The remnants of an adobe house sits in stark contrast to the surrounding canyon valley and peaks. An old fence line can be seen in the foreground
It’s November when this was taken, but the yellow fruit of this odd gangly cactus was still there. There were also many prickly pear fruit in the area which looked to perhaps be the favorite snack of a local black bear who left pink-seeded “evidence” of his dining at many places along the trail!
Near the cemetery was the rock walls of an old ranch house, perhaps the Delores or Lopez family
I bet you didn’t expect to see a picture of a tarantula did you? Indeed they are native to the area and we were lucky enough to spot one. When they are mating literally hundreds make their way across a nearby highway where the locals shut down traffic so these critters can cross without getting smooshed.
This old well at a demolished ranch building was remarkably intact. The log someone stuck down it has about another 20 feet into the ground!

But even more telltale of the rough lives these settlers had is a small catholic cemetery and one room Delores Mission whose property it sits on was sold to the Catholic Church in 1889 for $1 (later it was donated back to the US Forest Service). The cemetery tells the story of three young children who died between 1895-1900, their hand-etched gravestones still standing.

The gravestone of Eugenio Padilla
The gravestone of Maria de La Crus
The gravestone of Luicita

Behind the cemetery, the rock walls of the mission still stand with a handmade wooden cross laying against the back wall.

What is left of the Delores Mission behind the cemetery. A wooden cross against the back wall emphasizes the sanctity of history of this place.

Up the hill from this location is something rather geologically amazing, a natural stone amphitheater made from an eroded rock, perfectly turned on end to function as a clamshell to project a speaker’s voice out to the surrounding field. I can only imagine that once a preacher delivered his sermon or a eulogy here to a congregation sitting in the natural rock-walled field in front of it.
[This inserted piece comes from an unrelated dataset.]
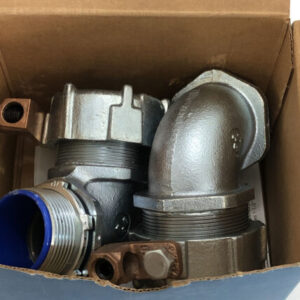 *NEW* BOX OF 2 T&B 5356GR 1-1/2" External Liquidtight 90 Degree + Warranty! - Image 2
This is the natural rock amphitheater behind the Delores Mission. The hole is big enough for a person to stand in and the curved walls act as a megaphone to someone positioned at the focal point of the formation.

So it may be quite a long hike, or bike, for a person to take, but seeing this canyon in all of its natural and historic (and prehistoric!) beauty is well worth putting on your bucket list of places to see. Happy hiking!

Okay, I may be a little overweight, but not THAT much!!!